Activity =
In the material below, find the span from the line with "Yellowstone Trail Lodge - 8" to the line with "Il Customs House" and transcribe only those lines, exactly, ends included, without the pictures.

Exercise inputs =
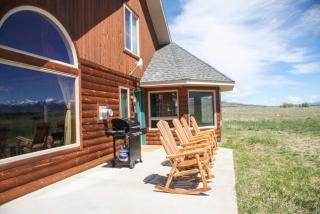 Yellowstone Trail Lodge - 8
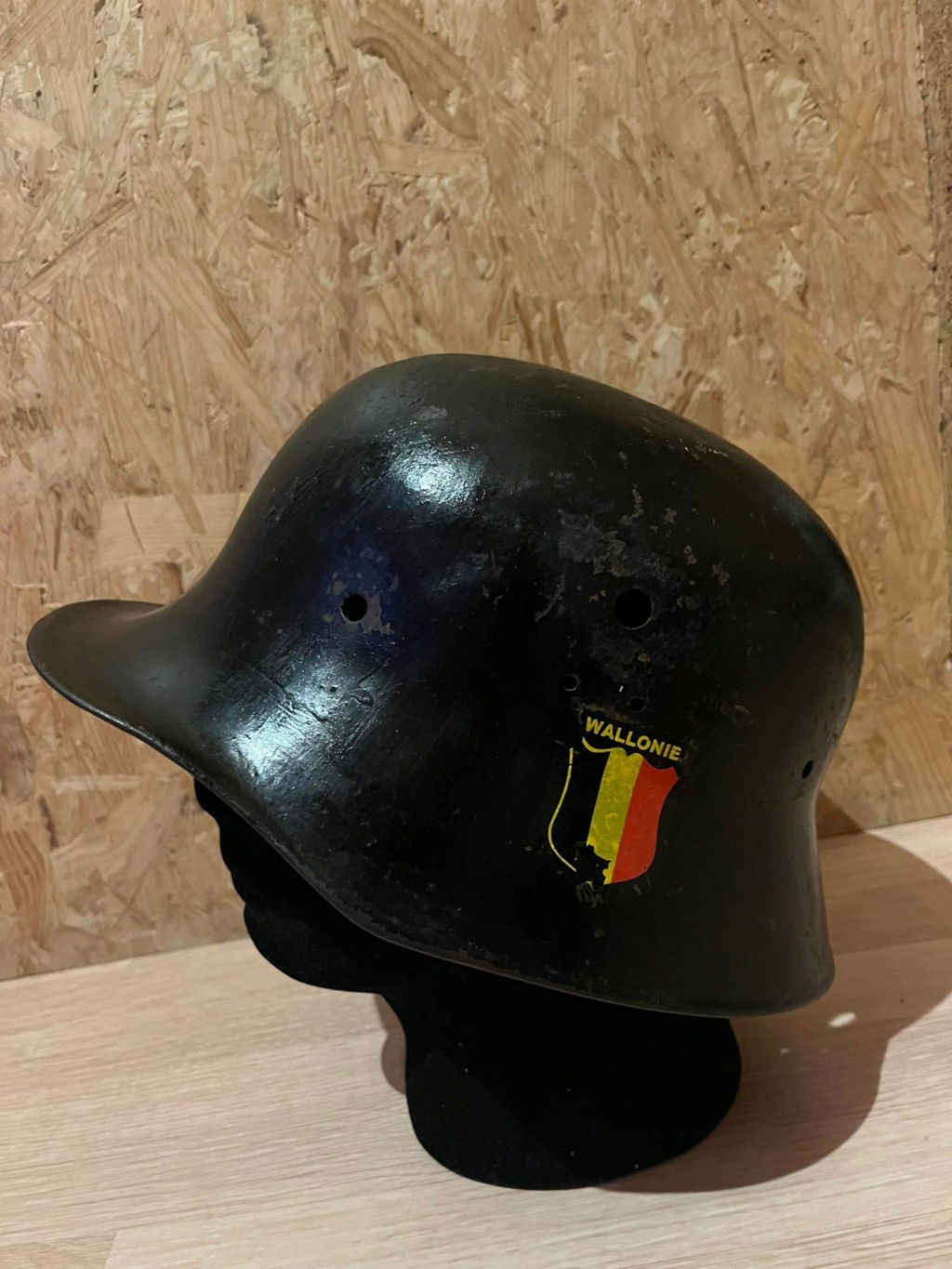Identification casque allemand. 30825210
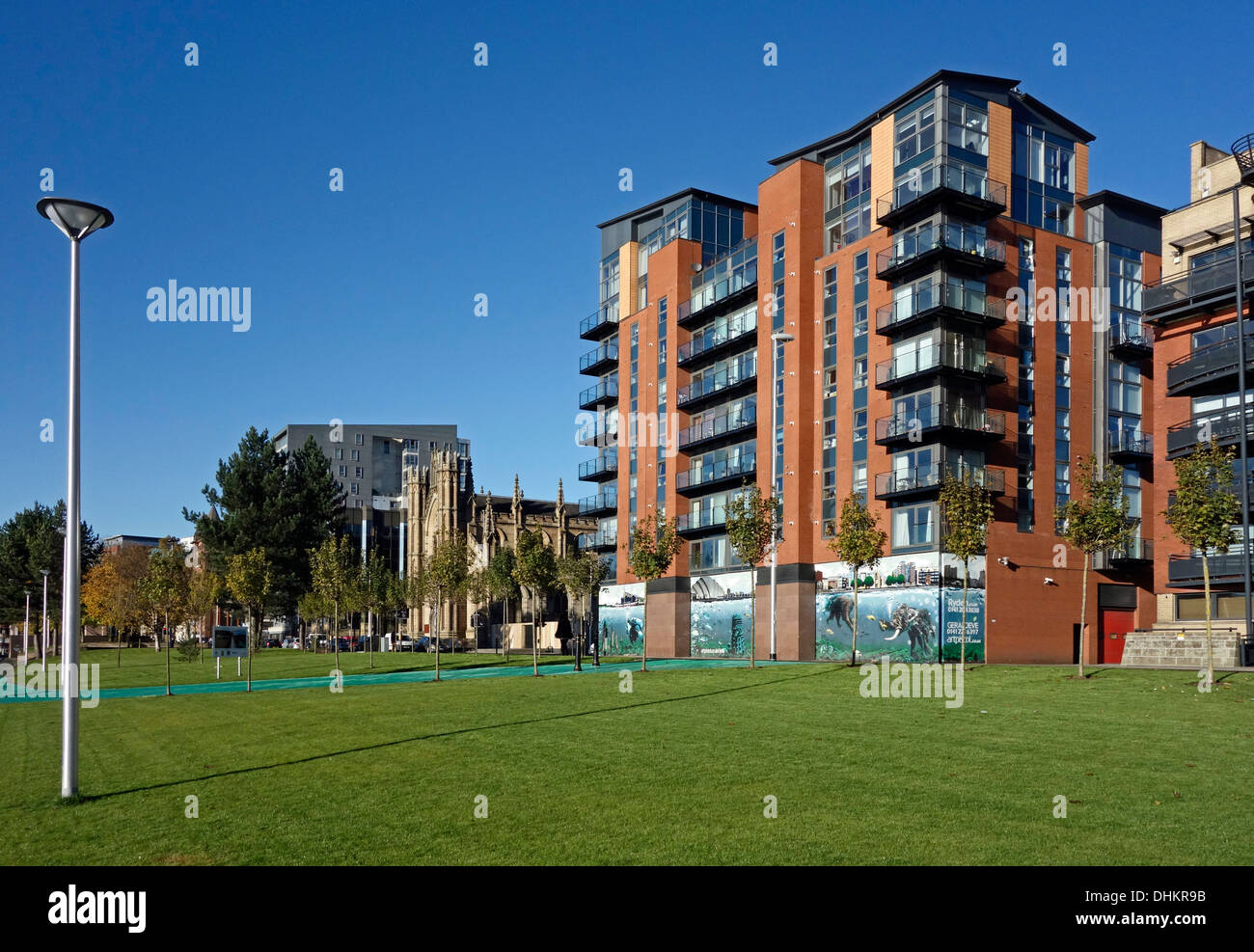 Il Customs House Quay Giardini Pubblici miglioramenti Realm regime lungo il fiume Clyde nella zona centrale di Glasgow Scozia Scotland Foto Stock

* * *

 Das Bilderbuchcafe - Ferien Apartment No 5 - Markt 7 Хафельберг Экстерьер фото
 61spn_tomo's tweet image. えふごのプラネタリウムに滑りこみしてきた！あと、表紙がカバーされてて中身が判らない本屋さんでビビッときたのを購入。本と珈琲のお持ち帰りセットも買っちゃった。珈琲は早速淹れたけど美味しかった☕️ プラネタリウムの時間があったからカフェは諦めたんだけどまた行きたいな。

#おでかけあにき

Exercise output =
 Yellowstone Trail Lodge - 8
Identification casque allemand. 30825210
 Il Customs House Quay Giardini Pubblici miglioramenti Realm regime lungo il fiume Clyde nella zona centrale di Glasgow Scozia Scotland Foto Stock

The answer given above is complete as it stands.